Thoma Bravo is buying Planview from Insight Venture Partners, a New York-based venture capital firm that acquired the company in 2013.
Financial terms of the transaction were not disclosed.
When the deal closes, Thoma Bravo will become the new majority shareholder of Planview, and Insight Venture Partners will maintain its original capital investment in the company, officials said.
Planview’s headquarters will remain in Austin, where it has 250 employees.
Founded in 1989, Planview sells software that helps companies map out and track employees. The company has grown by buying smaller project management players.
In August, Planview purchased San Francisco-based Innotas for an undisclosed sum. Innotas works in project portfolio management, including analytics and program, resource and financial management.
The deal was the third by Planview in the past two years, and Planview CEO Greg Gilmore said at the time that the company was looking for additional purchases in the work and resource management category.

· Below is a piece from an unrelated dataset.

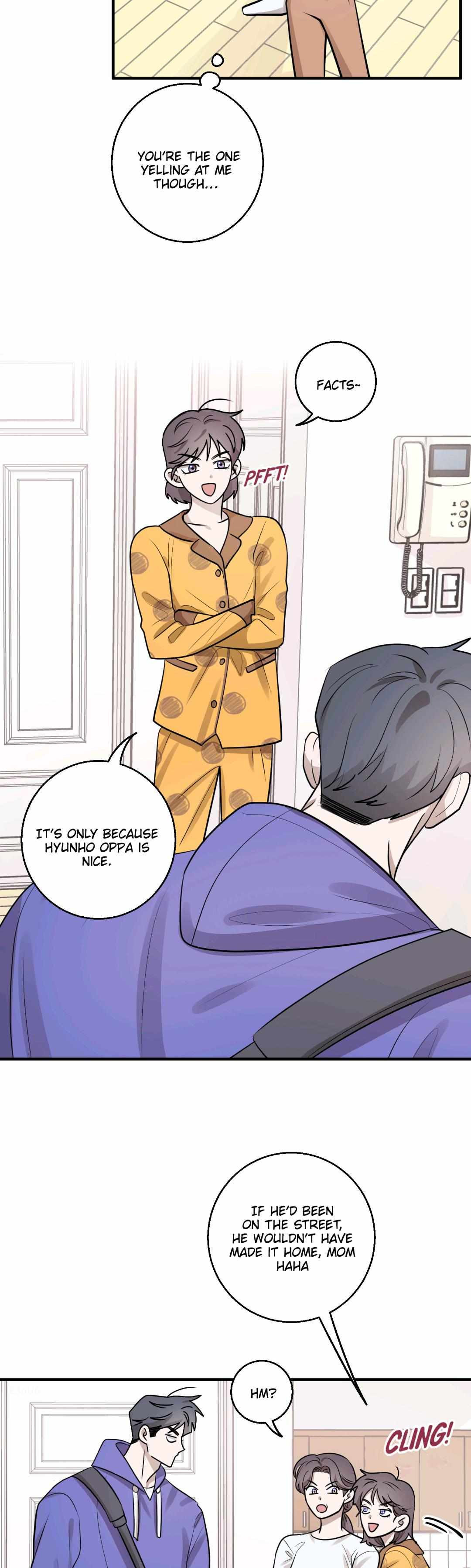 Same-Race Romance Chapter 3 page 25 -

Last year, Planview moved into a new 51,000 square-foot headquarters at 12301 Research Blvd. The company said the new space would allow for 50 percent headcount growth.
Last year, the company said that over a two-year period it had expanded its worldwide workforce from 250 to 600 employees. It has since grown to 700 employees.
Planview said that between 2014 and 2016, revenue grew at a compound annual rate of 35 percent, and 2016 revenue was expected to exceed $150 million, with increased profitability.
“Planview has continued to outperform its industry peers in both execution and innovation, and we look forward to accelerating and promoting Planview’s ongoing success,” Holden Spaht, a managing partner at Thoma Bravo, said in a written statement.
Gilmore said Planview is “excited to partner with Thoma Bravo, who shares our deep commitment to further accelerating this strategic vision, continuing to drive innovation, and strengthening our worldwide leadership position in this emerging category.”
The deal is expected to close in the first quarter of 2017.